景気と購入価格帯の関係については、1980年代後半から90年代初めのバブル期のデータがないため、定かなことは言えないが、低価格化を推し進めきた大きな要因の一つに、新たなコンセプトの商品の登場がある。その代表が2008年にユニクロが発売した「ブラトップ」。ブラトップとはキャミソールやタンクトップの内側にブラジャーの機能がついたもので、従来のブラジャーのようにバストの形を整えるためのワイヤーは入っておらず、着心地が「楽」だという(男の私には確かめようがないが)。中心価格帯はまさに1000円~2000円である。
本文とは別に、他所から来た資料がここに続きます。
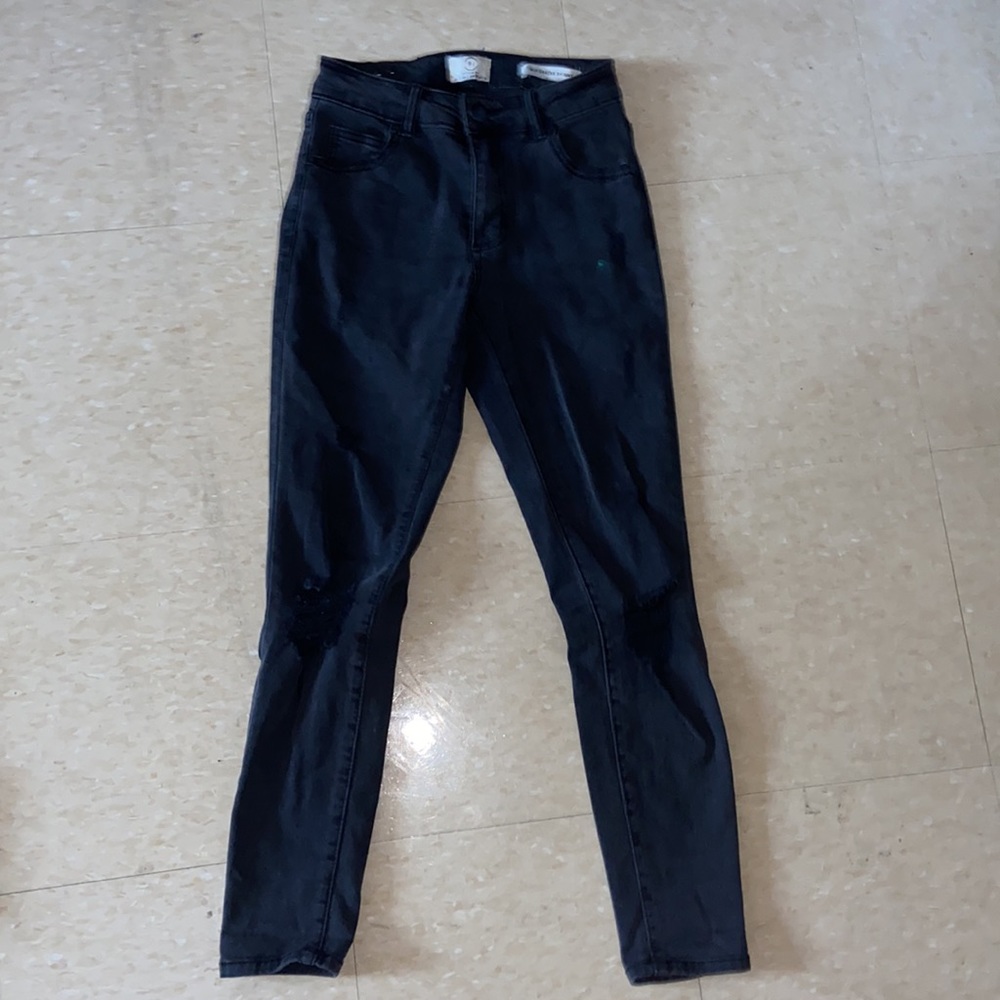Black skinny jeans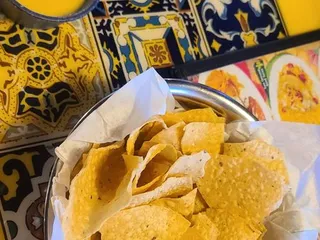 Los Tres Amigos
 下着はファッションの盛衰とも深くかかわっている。バブル期以来の大きな流れを、簡略化して振り返れば、次のようになる。

 バブル期は体のラインがはっきり出るボディコン(ボディコンシャス)な服が流行った。このためブラジャーもバストの谷間を強調したり、形をきれいに大きく見せる機能が重視された。その後、バブルが崩壊し失われた20年の間にゆったりとした服が主流になり、バストの形をあまり気にしなくてもよくなる。2000年代に入ると「癒し系」がブームになり、つれて「ナチュラル」や「楽」というコンセプトの商品が支持されるようになる。
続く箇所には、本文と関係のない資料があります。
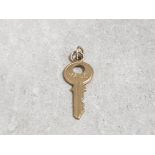 9ct yellow gold key pendant/charm 1.1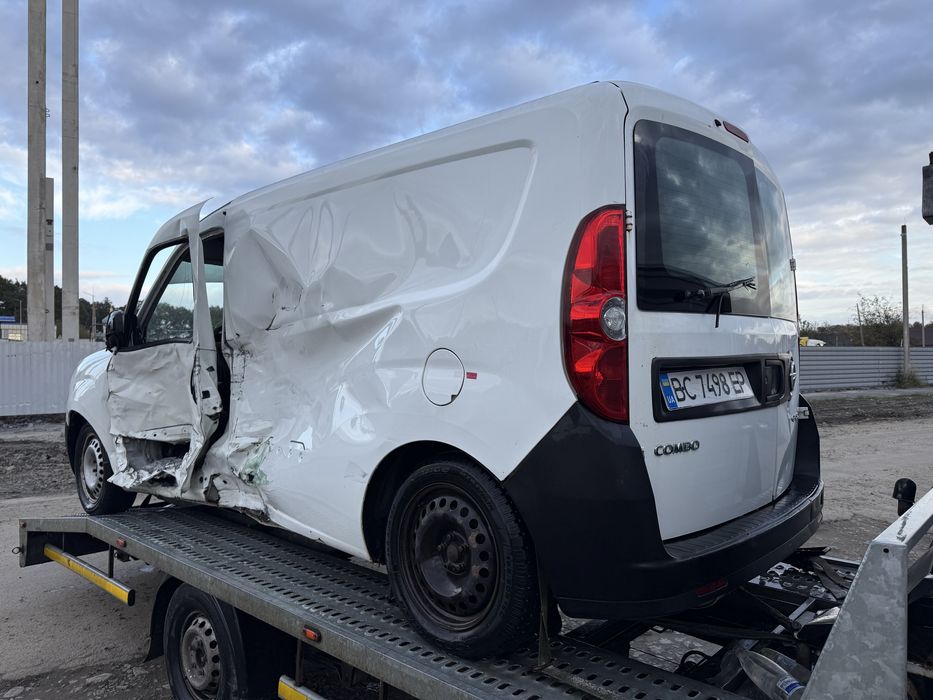 Розбираю Opel Combo Doblo 1.4газ/бенз 2013р цілим або частинами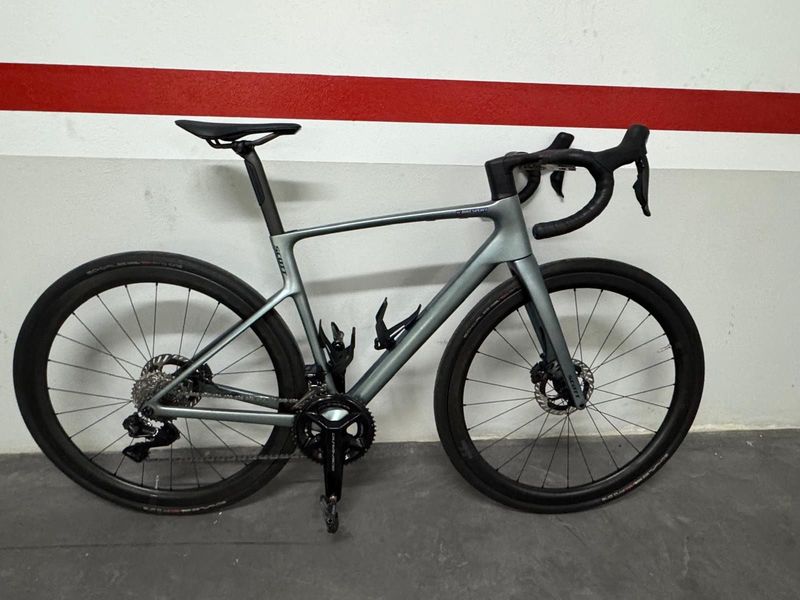 Tweedehands Scott Addict 10 2026 2026 Road & Gravel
 変化の兆しが見えたのが、12年に安倍政権が誕生しアベノミクスをぶち上げて、日本の景気も上向くのではという期待が高まった頃。ファッションや下着でもバブル的なものが復活するのではという期待が高まった。体のラインを強調するようなファッションも出たという、だが、これまでのところ「期待は幻想に終わっています」(今井さん)。

 下着のトレンドを見る限り大きな変化は見られず、ポジティブさアグレッシブさを感じさせる傾向は出ていない。その点ではアベノミクスはいまだ成果をあげすといったところだ。男性用と違い、女性の下着はバリエーションが多い分、奥が深い。

 ちなみに、調査時点は11年とやや古いが、クリスマスに女性が着たい、男性が着てほしい下着の色は、女性が赤、ピンク、黒の順、男性が赤、黒、ピンクの順だった。